ASSIGNMENT |
Once the line containing "Villas Venez Chez" is found, retype it and each line after it through the last entry below, word for word, and nothing else.

PROVIDED RECORDS |

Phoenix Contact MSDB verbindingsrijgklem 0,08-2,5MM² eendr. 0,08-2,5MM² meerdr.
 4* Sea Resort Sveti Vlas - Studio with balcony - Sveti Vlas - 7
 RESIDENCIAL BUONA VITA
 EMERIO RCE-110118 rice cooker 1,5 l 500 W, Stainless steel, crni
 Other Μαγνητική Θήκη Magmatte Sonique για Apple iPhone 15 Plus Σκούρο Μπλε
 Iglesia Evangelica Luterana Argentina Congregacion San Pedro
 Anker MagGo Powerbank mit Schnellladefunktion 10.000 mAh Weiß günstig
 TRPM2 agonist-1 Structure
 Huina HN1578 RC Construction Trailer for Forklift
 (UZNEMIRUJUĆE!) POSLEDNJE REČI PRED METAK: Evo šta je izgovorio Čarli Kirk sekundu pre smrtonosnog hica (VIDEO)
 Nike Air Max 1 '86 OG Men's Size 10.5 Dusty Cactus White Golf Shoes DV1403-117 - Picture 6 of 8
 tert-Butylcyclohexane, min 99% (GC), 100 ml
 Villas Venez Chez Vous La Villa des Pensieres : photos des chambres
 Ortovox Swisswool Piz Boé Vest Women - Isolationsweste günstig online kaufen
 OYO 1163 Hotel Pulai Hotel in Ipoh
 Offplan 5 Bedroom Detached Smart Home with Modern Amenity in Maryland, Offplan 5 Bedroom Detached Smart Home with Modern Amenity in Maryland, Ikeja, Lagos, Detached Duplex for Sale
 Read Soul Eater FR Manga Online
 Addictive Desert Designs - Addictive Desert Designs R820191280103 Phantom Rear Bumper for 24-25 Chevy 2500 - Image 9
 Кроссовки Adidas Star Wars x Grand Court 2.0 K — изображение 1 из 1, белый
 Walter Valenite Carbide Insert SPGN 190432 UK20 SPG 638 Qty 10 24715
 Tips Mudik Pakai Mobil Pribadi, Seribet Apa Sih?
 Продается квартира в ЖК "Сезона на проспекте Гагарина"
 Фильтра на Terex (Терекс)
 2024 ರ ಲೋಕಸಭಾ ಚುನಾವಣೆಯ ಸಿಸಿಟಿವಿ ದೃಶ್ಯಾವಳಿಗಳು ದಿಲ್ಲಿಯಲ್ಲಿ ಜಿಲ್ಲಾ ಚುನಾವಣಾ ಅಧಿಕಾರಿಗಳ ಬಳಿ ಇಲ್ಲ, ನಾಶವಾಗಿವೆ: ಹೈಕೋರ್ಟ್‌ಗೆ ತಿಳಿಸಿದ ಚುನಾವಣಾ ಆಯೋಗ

WRITTEN SOLUTION |
 Villas Venez Chez Vous La Villa des Pensieres : photos des chambres
 Ortovox Swisswool Piz Boé Vest Women - Isolationsweste günstig online kaufen
 OYO 1163 Hotel Pulai Hotel in Ipoh
 Offplan 5 Bedroom Detached Smart Home with Modern Amenity in Maryland, Offplan 5 Bedroom Detached Smart Home with Modern Amenity in Maryland, Ikeja, Lagos, Detached Duplex for Sale
 Read Soul Eater FR Manga Online
 Addictive Desert Designs - Addictive Desert Designs R820191280103 Phantom Rear Bumper for 24-25 Chevy 2500 - Image 9
 Кроссовки Adidas Star Wars x Grand Court 2.0 K — изображение 1 из 1, белый
 Walter Valenite Carbide Insert SPGN 190432 UK20 SPG 638 Qty 10 24715
 Tips Mudik Pakai Mobil Pribadi, Seribet Apa Sih?
 Продается квартира в ЖК "Сезона на проспекте Гагарина"
 Фильтра на Terex (Терекс)
 2024 ರ ಲೋಕಸಭಾ ಚುನಾವಣೆಯ ಸಿಸಿಟಿವಿ ದೃಶ್ಯಾವಳಿಗಳು ದಿಲ್ಲಿಯಲ್ಲಿ ಜಿಲ್ಲಾ ಚುನಾವಣಾ ಅಧಿಕಾರಿಗಳ ಬಳಿ ಇಲ್ಲ, ನಾಶವಾಗಿವೆ: ಹೈಕೋರ್ಟ್‌ಗೆ ತಿಳಿಸಿದ ಚುನಾವಣಾ ಆಯೋಗ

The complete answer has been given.